Missing in actionMPs who remain absent from Parliament should be charged
Legislative absenteeism is a glaring, but often ignored, feature of parliamentary behaviour. In our country too, lawmakers who don’t show up for work have often hindered Parliament’s work. And this practice has spilled into public view as media reports have found that lawmakers from the opposition parties have skipped more meetings in the budget session of the House of Representatives (HoR) as compared to those from the ruling parties. The budget session of Parliament, which was prorogued last week, saw as many as 14 lawmakers from the Nepali Congress remaining absent from HoR meetings on more than 10 occasions, while eight lawmakers from the ruling Nepal Communist Party (NCP) skipped more than 10 meetings. A total of 31 Members of Parliament (MPs), including some influential leaders of the major parties, were absent from HoR meetings on more than 10 occasions. This is a worrying trend.

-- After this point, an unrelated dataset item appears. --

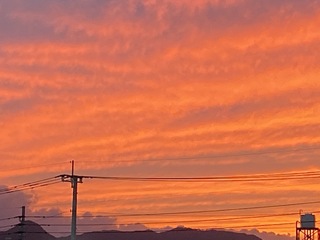 IMG_0162.JPG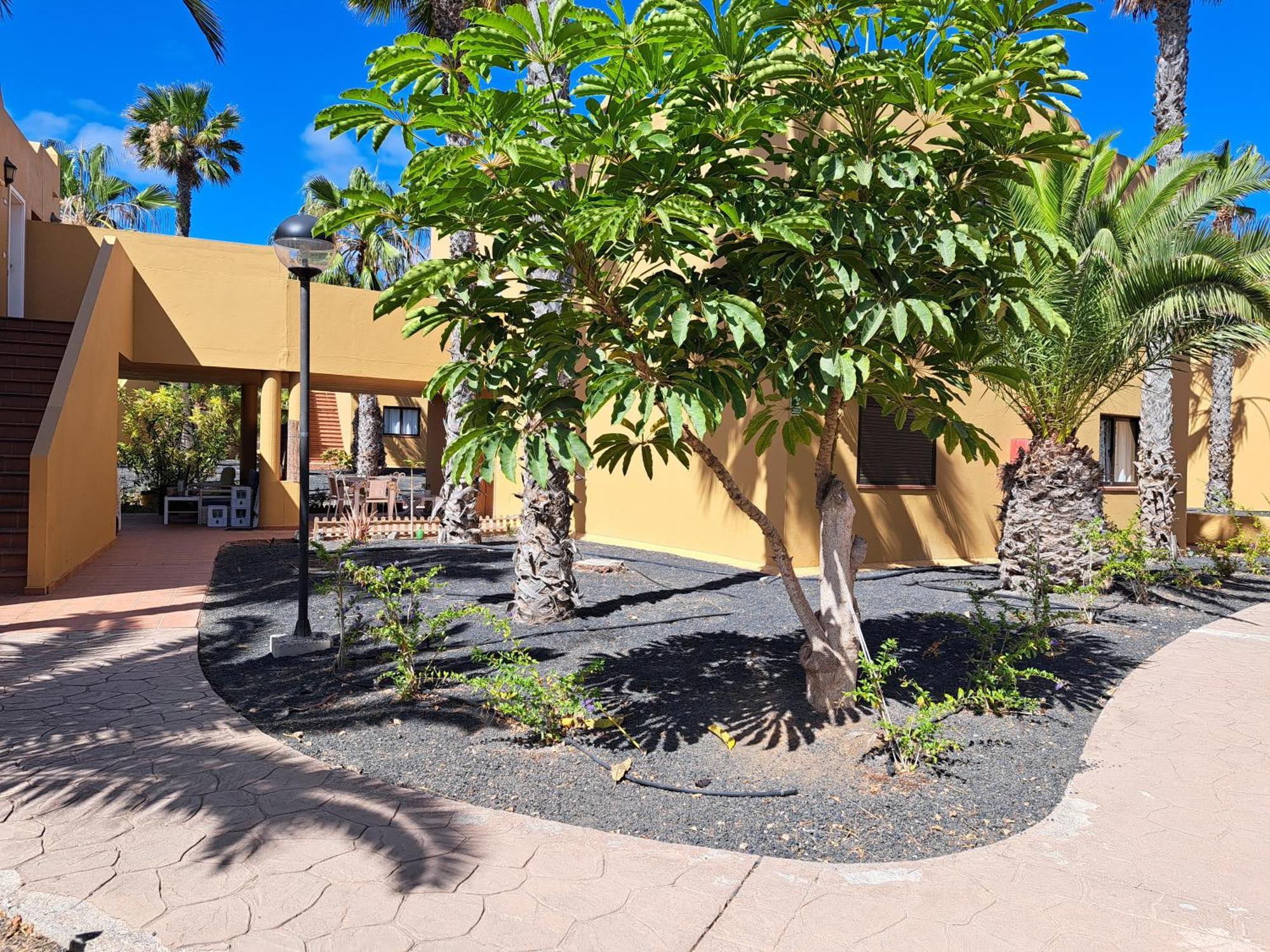Casa Manba * Corralejo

Nepali Congress President Sher Bahadur Deuba and NCP Co-Chairman Pushpa Kamal Dahal were among the top leaders skipping parliamentary meetings. Deuba missed 32 out of the total 79 meetings, while Dahal was absent from 21 meetings. A provision under Article 89 (d) of the constitution states that an MP’s seat shall become vacant if he or she remains absent from 10 consecutive meetings. Lawmakers make appearances to avoid being unseated, but that is not enough.
Absenteeism in the House impairs business. It will have a bearing on the proceedings and also erode the quality of the debate. Moreover, failure to attend parliamentary sessions is failure to wholly represent the interests of the electorate. Passing bills is the single most important function of Parliament. But many a time, our Parliament has failed to pass crucial legislation due to lack of quorum. Examples abound. More often than not, lawmakers leave after marking their attendance. Such acts lead to adjournments, ultimately eating into Parliament’s calendar.

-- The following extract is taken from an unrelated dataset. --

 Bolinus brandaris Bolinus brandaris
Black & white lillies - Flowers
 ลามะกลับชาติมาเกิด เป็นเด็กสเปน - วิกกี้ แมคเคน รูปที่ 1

It is common for leaders to make tall promises to woo voters. Based on the things they say they will get done, the public votes for them. Hence, Parliament is the place where the chosen leaders can deliver on their promises. When MPs fail to attend parliamentary sessions, or when they fail to sit throughout and discuss certain issues, it can be seen as a betrayal of the trust bestowed upon them. It is their duty to do their work sincerely. Should they fail to discharge their duties in Parliament, action must be taken against them. Measures may include imposing a fine or cutting down the number of days they can remain absent. But whatever measure is followed, it has to be implemented seriously. The duties of MPs include participating in debates and voting on legislation and other matters. They do not have the option to escape them.